Items from a dataset

Content starts

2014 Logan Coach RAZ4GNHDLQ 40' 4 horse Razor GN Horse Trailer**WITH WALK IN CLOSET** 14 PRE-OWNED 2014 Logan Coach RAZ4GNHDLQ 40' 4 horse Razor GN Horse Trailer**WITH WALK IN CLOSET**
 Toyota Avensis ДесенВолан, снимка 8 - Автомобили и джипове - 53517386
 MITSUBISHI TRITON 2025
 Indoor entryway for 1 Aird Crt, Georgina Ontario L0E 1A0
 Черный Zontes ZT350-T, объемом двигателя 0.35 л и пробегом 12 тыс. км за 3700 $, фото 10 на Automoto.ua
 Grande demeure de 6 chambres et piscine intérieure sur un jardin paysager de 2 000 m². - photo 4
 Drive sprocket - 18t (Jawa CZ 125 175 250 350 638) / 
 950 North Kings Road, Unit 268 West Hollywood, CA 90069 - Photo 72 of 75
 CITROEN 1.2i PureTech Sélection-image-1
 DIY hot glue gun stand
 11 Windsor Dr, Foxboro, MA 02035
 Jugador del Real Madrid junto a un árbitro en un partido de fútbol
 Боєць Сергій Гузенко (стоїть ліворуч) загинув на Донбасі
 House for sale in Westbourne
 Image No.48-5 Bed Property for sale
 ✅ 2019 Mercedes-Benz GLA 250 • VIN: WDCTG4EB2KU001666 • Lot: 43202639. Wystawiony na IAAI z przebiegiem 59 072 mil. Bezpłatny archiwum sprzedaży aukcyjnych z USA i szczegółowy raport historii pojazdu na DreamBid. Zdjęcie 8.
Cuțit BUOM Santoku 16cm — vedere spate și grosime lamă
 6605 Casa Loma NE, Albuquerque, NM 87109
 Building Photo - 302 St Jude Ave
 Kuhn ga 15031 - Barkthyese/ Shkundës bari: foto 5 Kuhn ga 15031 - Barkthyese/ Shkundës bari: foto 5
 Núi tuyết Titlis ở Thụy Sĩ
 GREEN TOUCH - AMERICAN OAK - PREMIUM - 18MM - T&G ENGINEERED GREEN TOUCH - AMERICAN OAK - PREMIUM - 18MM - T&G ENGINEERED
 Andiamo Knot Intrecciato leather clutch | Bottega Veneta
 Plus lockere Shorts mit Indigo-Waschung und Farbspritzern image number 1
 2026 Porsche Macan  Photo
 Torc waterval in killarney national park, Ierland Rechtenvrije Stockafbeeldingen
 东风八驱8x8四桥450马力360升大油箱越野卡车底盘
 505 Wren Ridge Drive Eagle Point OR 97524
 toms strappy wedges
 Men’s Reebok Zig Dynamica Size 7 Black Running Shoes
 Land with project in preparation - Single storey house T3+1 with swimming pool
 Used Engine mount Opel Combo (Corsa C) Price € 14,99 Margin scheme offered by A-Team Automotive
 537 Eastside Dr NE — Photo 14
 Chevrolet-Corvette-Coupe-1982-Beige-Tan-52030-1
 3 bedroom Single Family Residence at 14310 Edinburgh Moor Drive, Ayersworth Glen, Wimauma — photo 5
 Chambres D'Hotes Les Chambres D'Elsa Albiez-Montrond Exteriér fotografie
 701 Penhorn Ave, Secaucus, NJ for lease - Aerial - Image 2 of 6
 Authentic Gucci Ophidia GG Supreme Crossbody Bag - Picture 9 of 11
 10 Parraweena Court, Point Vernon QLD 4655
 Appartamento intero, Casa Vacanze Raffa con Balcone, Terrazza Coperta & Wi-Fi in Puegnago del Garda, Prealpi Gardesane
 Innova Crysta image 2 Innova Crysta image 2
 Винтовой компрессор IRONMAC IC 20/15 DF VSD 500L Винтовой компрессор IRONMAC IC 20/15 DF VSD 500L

Content ends

▶ **Brief**
Which lines run from the one containing "Chambres D'Hotes Les" to the end of the data? Output them exactly, with nothing added.

▶ **Response below**
 Chambres D'Hotes Les Chambres D'Elsa Albiez-Montrond Exteriér fotografie
 701 Penhorn Ave, Secaucus, NJ for lease - Aerial - Image 2 of 6
 Authentic Gucci Ophidia GG Supreme Crossbody Bag - Picture 9 of 11
 10 Parraweena Court, Point Vernon QLD 4655
 Appartamento intero, Casa Vacanze Raffa con Balcone, Terrazza Coperta & Wi-Fi in Puegnago del Garda, Prealpi Gardesane
 Innova Crysta image 2 Innova Crysta image 2
 Винтовой компрессор IRONMAC IC 20/15 DF VSD 500L Винтовой компрессор IRONMAC IC 20/15 DF VSD 500L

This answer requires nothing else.